1. Check the Child Tax Credit Update Portal
If you haven't received your Child Tax Credit payment, the first thing you should do is check the IRS's Child Tax Credit Update Portal. This tool was recently launched by the IRS to offer information on the enhanced Child Tax Credit payments, including whether or not your payment has been processed.
If your payment has been processed, the portal should give you information on whether it was sent out via direct deposit or by mail. If your check was mailed, you're likely in for a longer wait than you would be otherwise.
This tool will also offer you information on whether or not you are eligible for the monthly payments. The eligibility rules for the enhanced payments aren't as cut and dry as they were with the stimulus payments, so you may not have qualified under the income restrictions.
2. Double check your bank account deposits
You can also check your bank account to see if the money has been deposited for the July Child Tax Credit enhanced payment. Per the White House, the transactions related to the Child Tax Credit will appear in your bank account with the company name IRS TREAS 310.
If you see a deposit with that description, that should clue you in to the fact that you actually have received your Child Tax Credit payment. The description will also help if you're still unsure. It should read CHILDCTC -- and the amount will be for up to $300 per dependent in your household. This differs from the deposit description you'll see for a tax refund, which will show up as TAX REF.
3. Wait it out -- and then file a trace
Remember that if your payment was mailed, it could take a week or more for your payment to arrive, so you should hang tight for a while to see if it shows up.
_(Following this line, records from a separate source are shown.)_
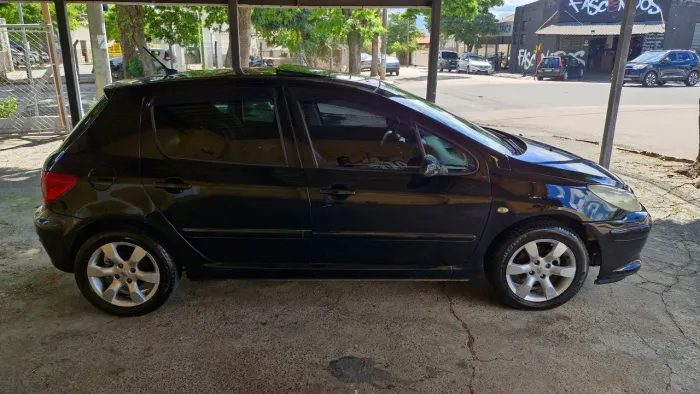 Peugeot 307 Soleil/ Presence 1.6/1.6 Flex 16V 5P 2009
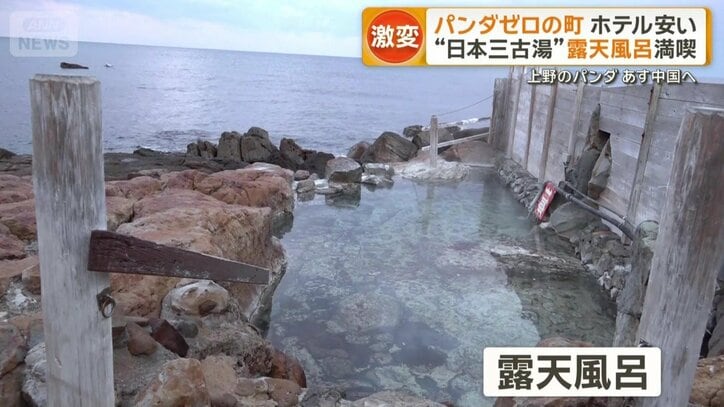 視界いっぱいに海が広がる露天風呂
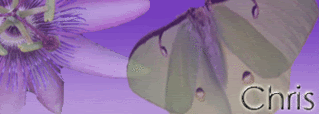 chrissigtp2-1.gif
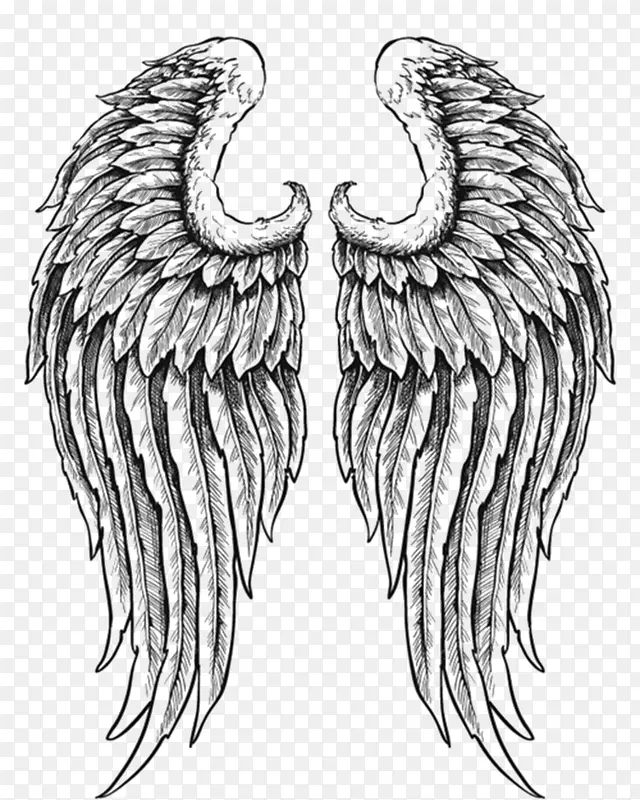 �ֻ�˫��-������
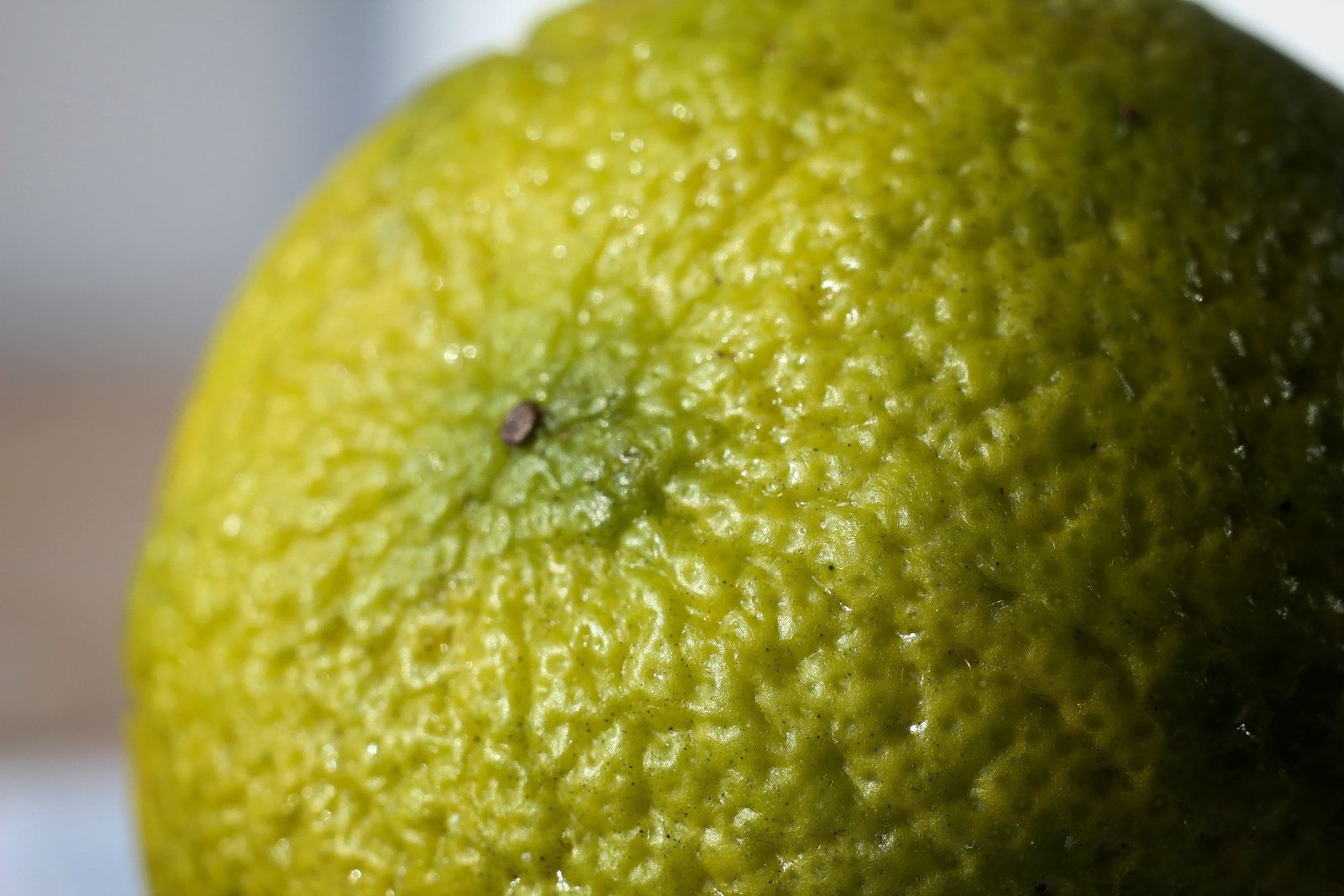 13 способов «починить» ваш кофе 13 способов «починить» ваш кофе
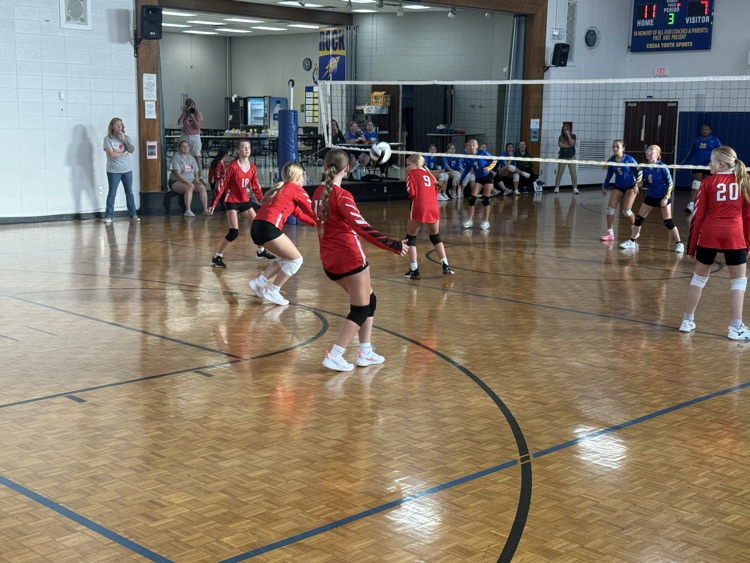 volleyball 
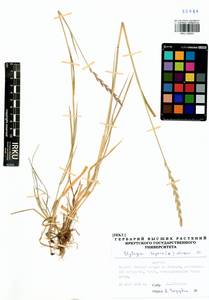 Elymus repens (L.) Gould, Siberia, Baikal & Transbaikal region (S4) (Russia)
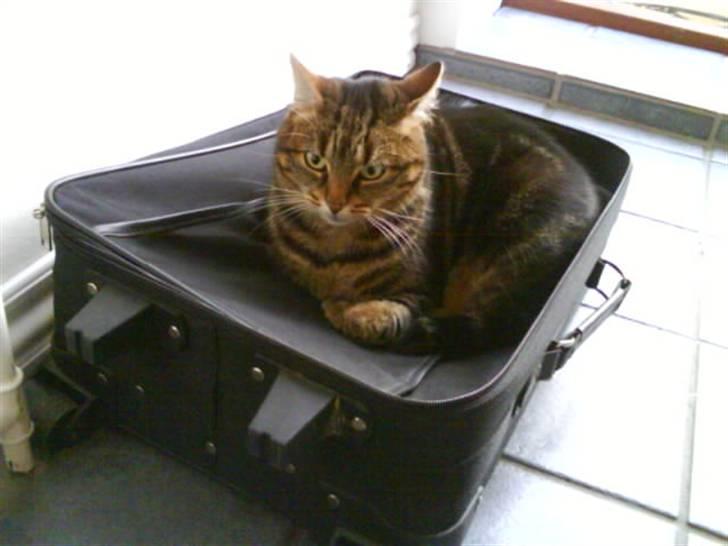 Huskat Timon billede 6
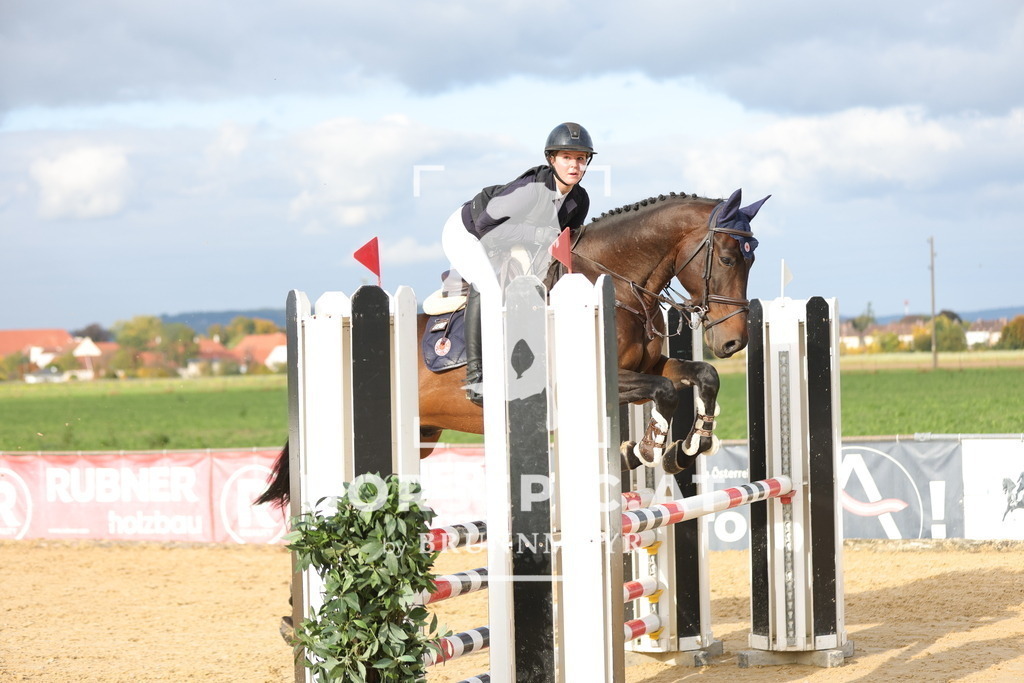 0P6A9795 | Willkommen bei Brunnmayr - Design & Fotografie – Ihrem Spezialisten für Reitturniere und Pferdeveranstaltungen in Oberösterreich, Salzburg und Bayern! Seit über 17 Jahren sind wir leidenschaftlich dabei.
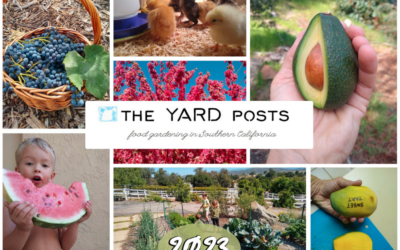 The Yard Posts food gardening calendar 2023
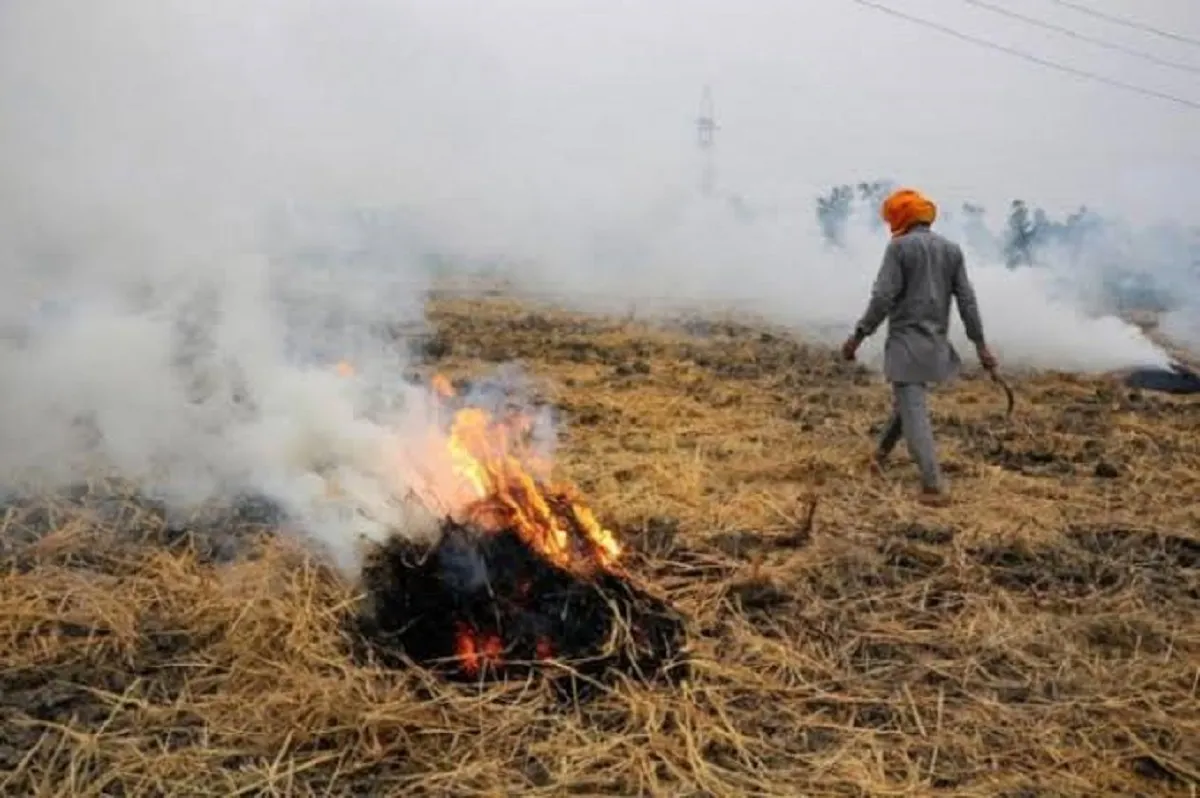 Stubble Burning- India TV Hindi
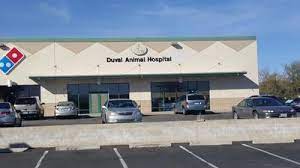 Vca animal hospitals, incorporated as vca, inc., operates more than 1000 animal hospitals in the us and canada. Duval Animal Hospital 1060 West Beta Street Green Valley Reviews And Appointments Topvet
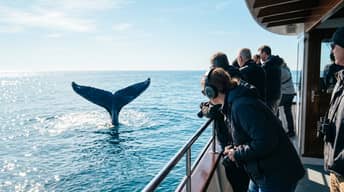 Whale Watching Experience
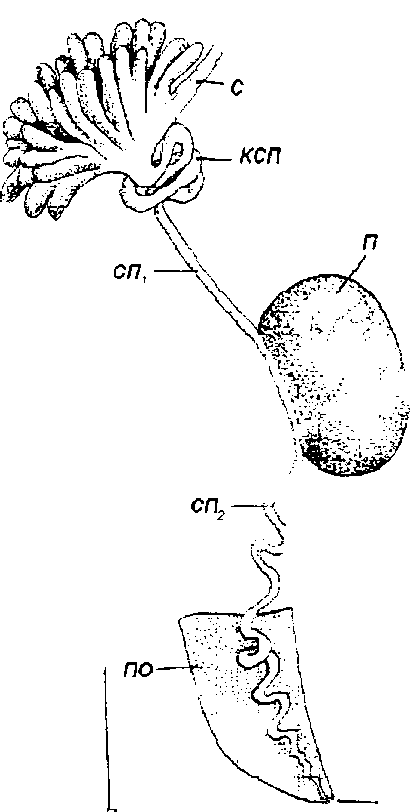 Lythoglyphus naticoides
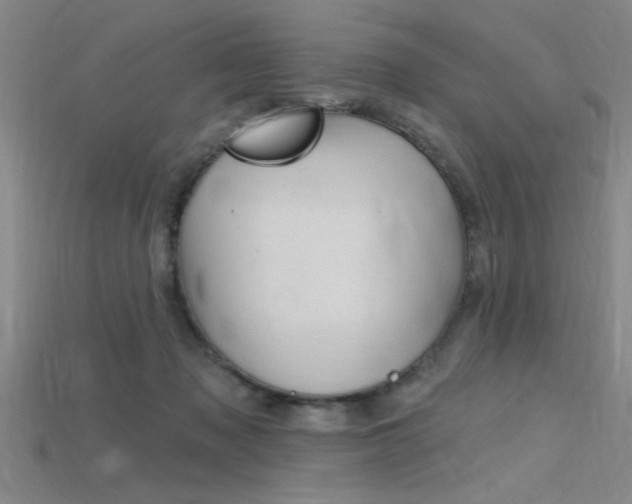 X0000115810317200911131048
Plus, the IRS could continue to issue the first round of Child Tax Credit payments during the first half of this week, so your payment may not even have been sent out yet.
You can file a trace with the IRS if your July direct deposit payment is still missing after about five days, or if your paper check is still missing several weeks after it was mailed.
Here are the exact timelines for when you can initiate a payment trace with the IRS:
- 5 days after the expected deposit date
- 4 weeks after the paper check was mailed to your house
- 6 weeks after the check was mailed to a forwarding address
- 9 weeks after the check was mailed to a foreign address
You'll need to complete Form 3911 in order to file a trace with the IRS -- and it could take about six weeks to get the results.
4. Update your mailing or bank account information
If you're worried that your payment was not issued because the IRS has incorrect income information on file, you can log into the IRS Child Tax Credit Update Portal to update your information. This is especially important if you moved or changed bank accounts. It's also important if you had a significant loss of income or added a new dependent to your household after you last filed your taxes.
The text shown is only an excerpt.